Happy Birthday to You! by Dr. Seuss
If you could have anyone, we mean anyone, magically appear at your doorstep to wish your child a happy birthday, Dr. Seuss would have to be high on the list, right? Well here he is, at the ready, and in very fine form. Only the Doctor himself could produce a "Birthday Bird" (pictured above) who, when a child's birthday comes around, "is in charge of it all" (no more party-planning necessary... wouldn't that be a relief?). And this bird has grand plans indeed. Among other delights, a visit to the Birthday Flower Jungle, getting to pick a present from the Birthday Pet Reservation, and a party at the Birthday Pal-alace are all in store. But best of all, is the Bird's joyous, raucous celebration of the true meaning of birthdays: "Today is your birthday! Today you are you!"
The Little Gorilla by Ruth Lercher Bornstein
What happens on your child's birthday? Balloons, funny hats, cakes, presents, friends, shrieks of joy, laughter, probably some tears, and sheer exhaustion at the end of the day. Amidst all the madness, your little one might not quite yet grasp that all this means that he is getting older. When that realization hits, usually around age three or four, it is usually accompanied by pride and anticipation, but sometimes a bit of anxiety creeps in as well. Here is the perfect antidote: this little gorilla, the beloved baby of the jungle, is just as well-loved when he grows big and tall as he was when he was tiny. It's a message that every four-year-old, or forty-year-old needs to hear.

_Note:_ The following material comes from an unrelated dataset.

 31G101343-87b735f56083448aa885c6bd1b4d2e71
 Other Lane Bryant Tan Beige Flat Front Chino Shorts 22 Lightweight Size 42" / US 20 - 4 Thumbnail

Mr. Rabbit and the Lovely Present by Charlotte Zolotow and Maurice Sendak
Let's be blunt, for a moment. The whole topic of birthdays can amplify the already ample self-centered tendencies of many of our beloved children. This can be a small problem when it's time to go to someone else's birthday party. And, of course, most birthday parties are someone else's. You know the scene we're picturing: your darling, all dressed up, hair combed, and on best behavior hands her friend a nicely wrapped present and promptly bursts into tears saying, "I want a present!" Even when that someone else happens to be Mommy herself, jealousies can erupt, as in, "I want to blow out the candles!" (And of course we let her.) So it's nice to find a book for little ones about birthdays that is focused on giving, rather than receiving. The little girl of this story is looking for a birthday present for her mother. Along comes Mr. Rabbit, and the two engage in a gentle Socratic dialogue about what kind of present her mother would like. Their answer teaches about colors and birds and friendship, and is as beautiful as Maurice Sendak's watercolors. A lovely present, indeed.